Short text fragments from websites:
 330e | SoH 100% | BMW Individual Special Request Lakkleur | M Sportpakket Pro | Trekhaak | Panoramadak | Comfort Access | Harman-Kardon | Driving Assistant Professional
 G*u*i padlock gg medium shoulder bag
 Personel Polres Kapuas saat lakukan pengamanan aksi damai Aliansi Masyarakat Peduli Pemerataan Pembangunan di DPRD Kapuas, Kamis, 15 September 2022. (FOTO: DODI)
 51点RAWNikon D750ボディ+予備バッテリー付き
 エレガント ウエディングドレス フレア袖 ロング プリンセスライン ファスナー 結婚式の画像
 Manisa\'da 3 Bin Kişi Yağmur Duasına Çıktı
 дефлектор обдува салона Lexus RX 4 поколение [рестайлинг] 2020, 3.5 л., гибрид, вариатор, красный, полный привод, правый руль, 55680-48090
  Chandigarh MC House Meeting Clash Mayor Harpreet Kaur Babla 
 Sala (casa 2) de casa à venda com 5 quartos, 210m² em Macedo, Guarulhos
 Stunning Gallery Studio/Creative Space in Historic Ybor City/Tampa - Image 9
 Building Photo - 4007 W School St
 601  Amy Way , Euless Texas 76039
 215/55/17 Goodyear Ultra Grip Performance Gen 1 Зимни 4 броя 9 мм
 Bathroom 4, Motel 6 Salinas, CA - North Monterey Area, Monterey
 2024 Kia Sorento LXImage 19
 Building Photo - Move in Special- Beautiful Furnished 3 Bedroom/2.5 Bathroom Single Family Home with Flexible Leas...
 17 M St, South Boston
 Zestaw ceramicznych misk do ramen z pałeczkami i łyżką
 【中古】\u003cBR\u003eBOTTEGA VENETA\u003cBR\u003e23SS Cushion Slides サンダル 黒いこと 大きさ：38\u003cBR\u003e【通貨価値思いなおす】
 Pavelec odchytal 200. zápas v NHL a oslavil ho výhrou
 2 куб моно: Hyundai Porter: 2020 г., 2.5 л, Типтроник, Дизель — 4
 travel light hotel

* _PROBLEM TO WORK ON_: Starting with the first line above and ending with the line that holds "Sala (casa 2)", restate each line word for word and add nothing else.

* _ANSWER TO THIS TASK_:
 330e | SoH 100% | BMW Individual Special Request Lakkleur | M Sportpakket Pro | Trekhaak | Panoramadak | Comfort Access | Harman-Kardon | Driving Assistant Professional
 G*u*i padlock gg medium shoulder bag
 Personel Polres Kapuas saat lakukan pengamanan aksi damai Aliansi Masyarakat Peduli Pemerataan Pembangunan di DPRD Kapuas, Kamis, 15 September 2022. (FOTO: DODI)
 51点RAWNikon D750ボディ+予備バッテリー付き
 エレガント ウエディングドレス フレア袖 ロング プリンセスライン ファスナー 結婚式の画像
 Manisa\'da 3 Bin Kişi Yağmur Duasına Çıktı
 дефлектор обдува салона Lexus RX 4 поколение [рестайлинг] 2020, 3.5 л., гибрид, вариатор, красный, полный привод, правый руль, 55680-48090
  Chandigarh MC House Meeting Clash Mayor Harpreet Kaur Babla 
 Sala (casa 2) de casa à venda com 5 quartos, 210m² em Macedo, Guarulhos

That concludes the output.